Let me tell you a little story please. The part of town that I grew up in was a nice, working class area when I was a child. By the time I was a teenager, there was a whole lot of crime in the area. This is when the gangs of today were popping up down here. By the time I was 15, West End in Birmingham was a fairly poor area of town and the entire West Side was considered dangerous. I didn't consider it dangerous, I grew up knowing those people. It was my generation that grew up and turned it into that. I was with a guy, for quite a while, whose father and brothers were known as one of the main groups of troublemakers and petty and medium range criminals in the area. So were their friends. I stayed there for several years.
The people who were out doing the burglaries, the robberies, selling stolen property, selling weed and drugs, selling guns, those were my friends. They weren't exactly high class, but they certainly never hurt me. Well, except for the one I married for a little while, one of the brothers. He used to beat me up for about a year and a half, two years - it started before we were married and like a dumbass I married him anyway - and then after the divorce, when we tried to get back together he tried whooping my ass again and I realized that I was bigger than him and handed his ass right back to him in spades. But I never had any fear of those criminals who were in and out of jail, prison, juvie. The youngest brother, who I used to babysit, joined the Crips when he was 13 and it was just getting started down here. Back then there were just as many white boys in it as black boys because the neighborhoods where the crime was half and half and nobody was a bigot about that, their parents were, but my generation wasn't. He's still in it today and he's doing 35 in Parchman in Mississippi for armed robbery. But I don't consider him scum.
I don't consider the oldest one of them, the one who I still consider my brother in law, scum either. He's in prison up the road from me. He's got life with parole and he was going to stay with us if he made parole, but he didn't. I've known him forever it seems and he was the one who stood up for me. He was the one who has rescued me from many situations that my ex put me in or that I got into all by myself with my stupidity. He never stole a dime from me, and he could have, easily, many times. Nor did he take advantage of me. The youngest one was always hitting me up for money and to drive my car, but then I was his babysitter and I took care of him, so he saw me like a big sister.
My ex is going to get the needle from the state of Mississippi cause he shot this guy who was on parole and living with him and his new wife, one of my best friends from high school who I'm still close to. He shot at her too, but he missed. He's an idiot. HE is scum, certainly. He stole from family, conned everyone he knew, was a coward when he didn't have a gun or it was a woman. He would live for the con. He got his thrills by hurting others, living off of others, and taking advantage of others. He deserves what he's getting.
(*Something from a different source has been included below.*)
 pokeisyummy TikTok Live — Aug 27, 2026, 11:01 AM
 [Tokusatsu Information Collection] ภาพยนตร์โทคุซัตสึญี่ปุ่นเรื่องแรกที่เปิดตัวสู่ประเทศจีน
Now, I'm sure you are wondering how I consider him different than the others, because the others hurt people, they lived off of people in the sense that they stole from them and sold the stuff, etc. I can see your point. My point is, the old saw about "honor among theives". There isn't that now, but there used to be, among certain people. None of the other boys, his brothers and their friends, Billy, Toro, Danny, Terry, Jesse, Roosevelt, none of those boys would physically hurt a woman. None of those boys would steal from a relative or friend, or even an acquaintance who trusted them. Sure, they conned some people after they got to know them but they conned people they felt were getting over on others and deserved it. They never did that to people who they considered sweet, or nice. I'm sure they did steal from plenty of sweet and nice people, but they didn't know them and that made it somehow different in their minds. I'm not trying to excuse their behavior or even say their logic is right, because it's not, I'm just trying to explain to you how they thought, what their moral and ethical codes (such as they were) actually entailed. I'm trying to explain to you how they thought of themselves as opposed to people who really are scum.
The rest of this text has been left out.